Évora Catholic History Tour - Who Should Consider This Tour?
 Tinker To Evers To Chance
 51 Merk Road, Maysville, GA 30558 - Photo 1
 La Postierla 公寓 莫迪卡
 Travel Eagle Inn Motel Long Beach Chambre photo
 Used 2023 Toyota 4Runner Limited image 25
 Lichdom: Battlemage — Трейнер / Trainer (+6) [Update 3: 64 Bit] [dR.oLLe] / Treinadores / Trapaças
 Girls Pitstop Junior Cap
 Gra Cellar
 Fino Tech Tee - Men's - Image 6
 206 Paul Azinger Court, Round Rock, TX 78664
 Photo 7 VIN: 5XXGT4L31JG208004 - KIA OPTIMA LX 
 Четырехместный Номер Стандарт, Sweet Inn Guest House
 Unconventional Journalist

------------------------------------------------------------------------

→ Exercise goal:
Set down the entries again exactly as they are.

→ Solution:
Évora Catholic History Tour - Who Should Consider This Tour?
 Tinker To Evers To Chance
 51 Merk Road, Maysville, GA 30558 - Photo 1
 La Postierla 公寓 莫迪卡
 Travel Eagle Inn Motel Long Beach Chambre photo
 Used 2023 Toyota 4Runner Limited image 25
 Lichdom: Battlemage — Трейнер / Trainer (+6) [Update 3: 64 Bit] [dR.oLLe] / Treinadores / Trapaças
 Girls Pitstop Junior Cap
 Gra Cellar
 Fino Tech Tee - Men's - Image 6
 206 Paul Azinger Court, Round Rock, TX 78664
 Photo 7 VIN: 5XXGT4L31JG208004 - KIA OPTIMA LX 
 Четырехместный Номер Стандарт, Sweet Inn Guest House
 Unconventional Journalist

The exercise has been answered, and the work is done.